▶ [Work to complete]:
State the number of lines in the following data that include the word "lower", with no other text.

▶ [Material provided]:
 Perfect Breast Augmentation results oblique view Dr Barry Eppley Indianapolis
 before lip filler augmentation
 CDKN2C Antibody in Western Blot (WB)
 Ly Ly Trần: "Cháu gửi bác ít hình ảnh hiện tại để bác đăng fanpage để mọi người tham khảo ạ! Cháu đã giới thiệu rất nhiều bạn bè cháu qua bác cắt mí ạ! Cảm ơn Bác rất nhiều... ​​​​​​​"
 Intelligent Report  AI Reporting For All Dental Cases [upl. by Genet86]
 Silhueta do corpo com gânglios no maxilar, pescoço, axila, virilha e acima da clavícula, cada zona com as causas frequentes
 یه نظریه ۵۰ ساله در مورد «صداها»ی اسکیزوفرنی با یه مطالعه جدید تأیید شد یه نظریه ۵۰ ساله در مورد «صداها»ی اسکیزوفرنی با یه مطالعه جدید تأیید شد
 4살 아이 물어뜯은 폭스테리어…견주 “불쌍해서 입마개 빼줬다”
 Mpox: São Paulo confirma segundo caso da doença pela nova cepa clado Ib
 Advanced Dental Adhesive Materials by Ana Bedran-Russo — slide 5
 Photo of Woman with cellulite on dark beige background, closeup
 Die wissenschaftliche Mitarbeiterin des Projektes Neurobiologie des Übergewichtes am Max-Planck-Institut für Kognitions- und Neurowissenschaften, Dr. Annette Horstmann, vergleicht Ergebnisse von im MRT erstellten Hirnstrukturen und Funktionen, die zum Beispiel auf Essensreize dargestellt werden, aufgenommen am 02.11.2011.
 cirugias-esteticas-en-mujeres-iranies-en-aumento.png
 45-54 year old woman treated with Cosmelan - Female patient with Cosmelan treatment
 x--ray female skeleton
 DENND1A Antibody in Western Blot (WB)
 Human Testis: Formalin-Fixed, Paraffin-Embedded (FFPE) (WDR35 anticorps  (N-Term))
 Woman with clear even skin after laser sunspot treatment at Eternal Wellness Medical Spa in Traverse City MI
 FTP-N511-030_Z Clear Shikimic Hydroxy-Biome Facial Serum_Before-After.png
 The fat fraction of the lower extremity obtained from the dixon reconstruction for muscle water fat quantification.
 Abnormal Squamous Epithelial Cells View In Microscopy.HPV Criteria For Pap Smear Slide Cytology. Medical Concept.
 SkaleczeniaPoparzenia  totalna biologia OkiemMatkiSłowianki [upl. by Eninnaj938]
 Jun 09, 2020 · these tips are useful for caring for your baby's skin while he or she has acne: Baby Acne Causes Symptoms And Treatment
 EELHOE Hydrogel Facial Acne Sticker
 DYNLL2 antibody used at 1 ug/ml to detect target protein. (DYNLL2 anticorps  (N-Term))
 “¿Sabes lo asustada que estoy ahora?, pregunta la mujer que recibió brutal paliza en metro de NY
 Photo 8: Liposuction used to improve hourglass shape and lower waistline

▶ [Answer below]:
2